Due - Wednesday 4/7 - 3:30PM
There are several shortcomings of the program you wrote for Project 1. First, during the off cycle, no sensing occurs. This is useful for energy conservation, but limits the fidelity of the data collected. Second, in-network data aggregation could provide additional energy savings. The goal of this assignment is to implement a clustering algorithm to provide improved fidelity while maintaining limited energy usage.
For this assignment, you will implement a clustering algorithm similar to LEACH. (If you haven't read the paper, do that now!) Your algorithm will identify clusterheads that will remain continuously on to detect movement and sample the temperature. This provides increased fidelity (continuous sampling of the environment) with minimal additional overall energy cost.
Periodically, as in Project 1, all nodes will turn on and spend 5 seconds detecting movement and reporting the temperature (the LISTEN period) followed by 5 seconds of deep sleep. If movement is detected, a node will report the movement to its clusterhead, not to the base station. Nodes will also report temperature information to the clusterhead, not directly to the base station. Nodes need not report neighbor information to the base station as in Project 1. The clusterhead will aggregate the movement detection information and send a report to the base station once per second. The report will indicate whether there has been movement in the cluster and will also indicate the minimum and maximum temperatures collected within the cluster in the preceeding 1 second. In this way, fewer messages traverse the network to the base station and energy can be saved.
The details of the algorithm are as follows:
- A new round begins every 4th LISTEN period (40 seconds).
- At the beginning of the round, all nodes determine whether to become a clusterhead. The decision is based on the preconfigured suggested percentage of clusterheads, the current round, and the clusterheads of previous rounds as described in the paper.
- The nodes that have chosen to be clusterheads send a broadcast message with TTL 1 indicating their status.
- Each non-clusterhead determines which clusterhead to join based on the received signal strength (RSSI) of the message received. Once a clusterhead is chosen, the transmit power for subsequent messages destined for the clusterhead can be set to the minimum level.
- All nodes in a given cluster will show the same color on their LEDs. The clusterhead will choose the color and broadcast it to all nodes.

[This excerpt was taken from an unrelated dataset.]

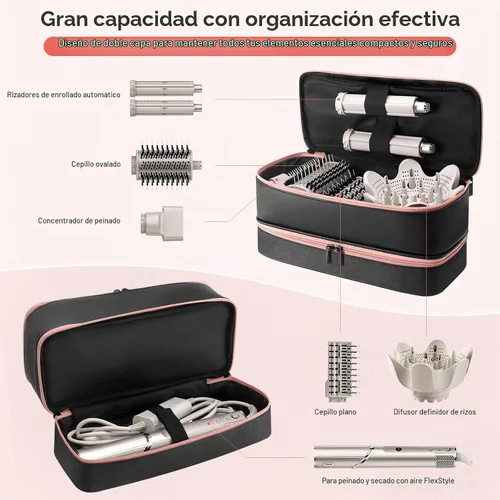 Vista 2 de Funda de viaje para secador de pelo Shark FlexStyle, bolsa de secador de pelo de doble capa, organizador de herramientas de belleza, bolsa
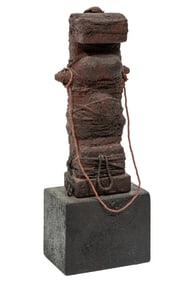 Jeffery Cook, American/Louisiana 1961-2009, "Untitled: Wrapped Figure", mixed media, 13 x 4 5/8 x 3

- When movement is detected, a node will unicast a message to its clusterhead.
- Every 1 second, each node will sense the temperature and send the measurement to its clusterhead, also using unicast.
- Clusterheads will unicast a message to the base station regarding movement and min/max temperature in its cluster every 1 second as described above.
Assumptions
- All nodes are within range of the basestation.
- The IEEE address of the basestation is statically configured at each node.
Due - Wednesday 4/7 - 3:30PM
- For full credit, you must upload your code to your SVN repository. Upload your code into directories using the following naming convention. Failure to use this exact naming scheme may result in deduction of points.
- <username>/cs685/proj2/ClusteringSPOT
- <username>/cs685/proj2/ClusteringBaseStation
- A demonstration will be required in class on Wednesday, 4/7.
- See this SVN How-to for more information on using SVN.